LOT A3
Base metals (Pb, Ag, Zn)
Mississippi Valley Type (MVT) Pb-Zn Deposits spanning upper/middle/lower Benue trough
Study Areas: Plateau, Nasarawa, Ebonyi
Basin Development and Geology
The Benue Trough is an Intra-Cratonic rift basin that extends southwest-northeast from the northern boundary of the Niger Delta close to the Gulf of Guinea, up to the southern boundary of the Chad basin.
It is a linear trough with a strike length of approximately 800km and a width that reaches a maximum of 160km in the south west. It rests unconformably upon the Precambrian basement.
The Benue Trough originated as a failed rift during the early Cretaceous opening of the South Atlantic Ocean. Differential Rifting of Gondwana started in the South, exerted major strain on the Central African inflection point and created several crustal scale tectonic features in Africa and South America.

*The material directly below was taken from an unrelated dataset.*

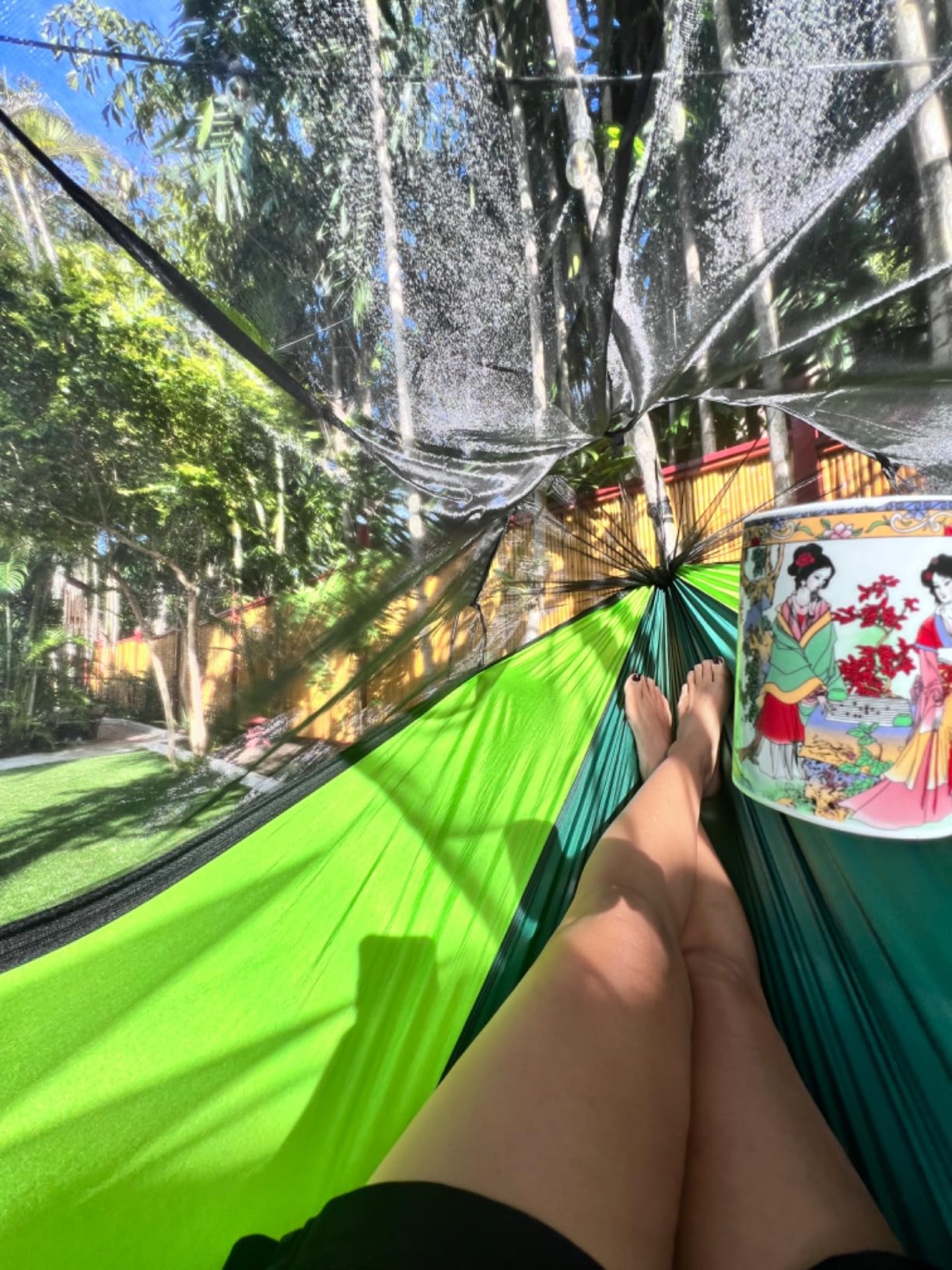 Miztli Camping Hammock Portable Tent-Like Hammock with Net 1/2 Person customer photo 1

The Benue basin Evolution involves;
- Extensional marine Sedimentation in Albian to Turonian times;
- Left-lateral strike-slip shearing;
- Compressional Inversion in the early-Santonian;
- Post-inversion sedimentation; and
- Mesozoic to Cenozoic magmatism.
Mineralization
Mineralisation in the Benue Trough follows the Clastic Dominated Pb-Zn-Ag depositional model. A heat source at depth during the sag phase of basin development caused upward migration of carbonate dominated mineralizing fluids along pre-existing extensional structures. Local boiling or mixing with meteoric waters produce epigenetic, structurally controlled vein and disseminated mineralisation with pervasive carbonate replacement. Mineralized structures are parallel, en-enchelon, N/S or NW/SE trending. A heat source for mineralizing fluids is considered to be mafic intrusives due to the common spatial association of deposits and mafic rock.
The Pb-Zn deposits primarily contain sphalerite, galena, pyrite and chalcopyrite associated with calcite and subordinate quartz veining.